Patagonia National Park

Chile’s newest national park is part of a major renaturation project of characteristic Patagonian landscapes.

The park area, previously privately owned by the Tompkins couple as Patagonia Park, was handed over to the Chilean state on 30 April 2019 and raised to the status of a national park as Patagonia National Park (Parque Nacional Patagonia). After the removal of the fences and the planned fusion with the Reserva Nacional Jeinimeni and the Reserva Nacional Tamanga, a national park will be created here that is one and a half times as large as the Torres del Paine National Park and only slightly smaller than the Yosemite National Park.

The Valle Chacabuco, the heart of the Patagonia Park, was hopelessly overgrazed by the herds of one of the largest sheep farms in the country just a few decades ago. Today, as one of the few east-west valleys in the region, it represents an important biological corridor that acts as a transition zone between the Patagonian steppe grasslands of Argentine Patagonia and the southern beech forests of Chilean Patagonia in the west.

The park area extends south of Lago General Carrera with its spectacular marble caves, so that a visit to Patagonia National Park can be easily combined with the lake and its attractions.

Before driving into the park from the west, one should in any case make a short side trip to the confluence of the Río Baker with the Río Neff. You can reach it about 20km south of Puerto Bertrand, where a sign points to the place where the turquoise water of Río Baker meets the glacial grey of Río Neff.

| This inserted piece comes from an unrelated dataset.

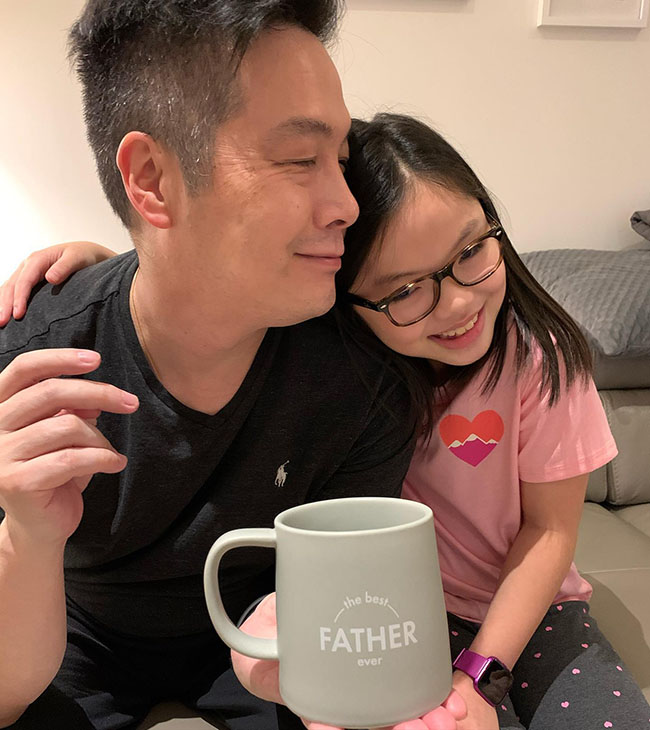 Leaving her career to follow her husband to Canada, Tang Thanh Ha's love rival is now living a full life, beautiful daughter - 18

If you enter the national park from the west, you will reach the headquarters of the park administration and the sophisticated lodge dating back to the Tompkins era after a few kilometres.

This is the only, albeit expensive, accommodation within the park. Those who want to go hiking and enjoy the landscape will have to rely on the – however well-equipped – campsites of the national park.

Numerous half-day and day hikes lead along well-marked trails through the various landscapes and vegetation zones of the park.

Two of the most rewarding day hikes are the Lagunas Altas Trail, which takes between 7 and 10 hours to cover 23km, and the Circuito Avilés in the eastern sector of the National Park, which takes between 5 and 6 hours to cover 17.5km.